Même si les responsables marocains, pour faire bonne figure, répètent à satiété qu’ils n’abandonneraient jamais la cause palestinienne, de larges pans de la population ne voient pas d’un bon œil ces « noces » avec un pays qui n’est pas prêt à renoncer à ses visées colonialistes, usant par toute sorte de moyens pour étendre son influence, rallier des pays ou neutraliser ceux qui lui sont hostiles.

Sourdes pour l’heure, les expressions de colère ne sont pas à exclure, à terme, notamment parmi les milieux islamistes.

Enfin, elle met dans l’embarras la France, principal partenaire commercial du Maroc, appelée à revoir les paradigmes de sa relation avec les pays du Maghreb.
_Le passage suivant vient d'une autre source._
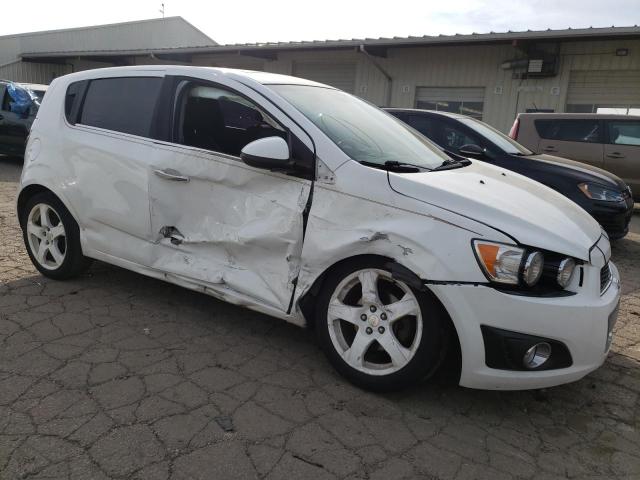 1G1JE6SB6D4129049 - 2013 CHEVROLET SONIC LTZ WHITE photo 4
Aussitôt annoncée par Tel-Aviv, la décision d’Israël de reconnaître l’occupation marocaine du Sahara occidental a été suivie d’appels en France à suivre le pays du gouvernement de Netanyahou, le plus extrémiste de l’histoire de ce pays.

Eric Ciotti, le président du parti Les Républicains (droite) a applaudi et a appelé la France à faire de même, c’est-à-dire, reconnaître la souverainté du Maroc sur le Sahara occidental, et jeter aux orties toutes les résolutions de l’ONU sur le conflit sahraoui.

L’emprise d’Israël sur le Maroc bloque pour longtemps la perspective de la construction du grand Maghreb, comme l’ont souhaité les pères nationalistes.

Si l’obsession de Rabat, en faisant feu de tout bois, est d’éliminer définitivement la question sahraouie, les conséquences de sa liaison avec Israël risquent de s’avérer désastreuses. Non seulement pour lui, mais pour toute la région du Maghreb.